MONOCULTURE – NIETZSCHE

scan: (c) M HKA, Published by C. G. Naumann
Friedrich Nietzsche, Jenseits von Gut und Böse. Zur Genealogie der Moral, 1896
Book , 3,2 x 16 x 23,3 cm

Friedrich Nietzsche, Jenseits von Gut und Böse. Zur Genealogie der Moral (Beyond Good and Evil: Prelude to a Philosophy of the Future), 1896
Published by C. G. Naumann
Collection M HKA, Antwerp 


One of the most ambiguous and influential figures of modern thought, philosopher Friedrich Nietzsche (1844-1900) is invoked in different and often ambivalent ways. The early association of his writing was with Nazism, promoted by his sister Elisabeth Förster-Nietzsche who posthumously edited his unpublished works to fit her nationalistic ideas, and contradicted Nietzsche’s own stance against nationalism and antisemitism.
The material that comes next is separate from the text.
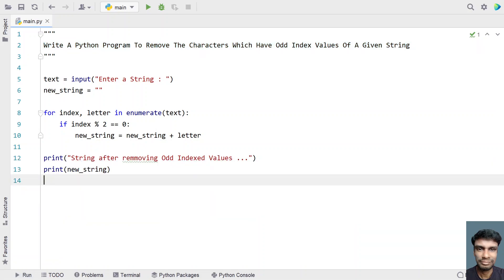This is the complete program to remove the characters which have odd indexed values of a string. I will give this code in the description of this video. That's it in this video, hope you liked it. Thank you for watching, bye.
Nietzsche’s complex philosophical thought and writing, which is commonly divided into three periods, questions the values and motives behind traditional Western thinking, religion and morality by demonstrating their inconsistencies.

In Beyond Good and Evil (1886), Nietzsche expands the ideas of his famous work Thus Spoke Zarathustra (1885) in which he introduced the ideas of the “death of God" and the prophecy of the Übermensch, and attempts to summarise his philosophy. Aphorist in its style, the book is a powerful critique of religion, ethics, philosophical thought, science and politics. Providing a genealogical account of the development of modern moral systems, Nietzsche bases his argument on the idea of a fundamental shift in the history of morality, from thinking in terms of “good and bad” toward “good and evil”. Accusing philosophers of the past of dogmatism in their consideration of morality, he identifies the qualities of the philosophers of the future – what he calls “free spirits”, unbiased critical thinkers who see “beyond good and evil”. The Nietzschean philosophical stance against the resentful “slave morality of Christianity” was further developed in his subsequent book, On the Genealogy of Morality: A Polemic (1887). Beyond Good and Evil was listed in the 'Most Harmful Books' by American weekly conservative newspaper Human Events.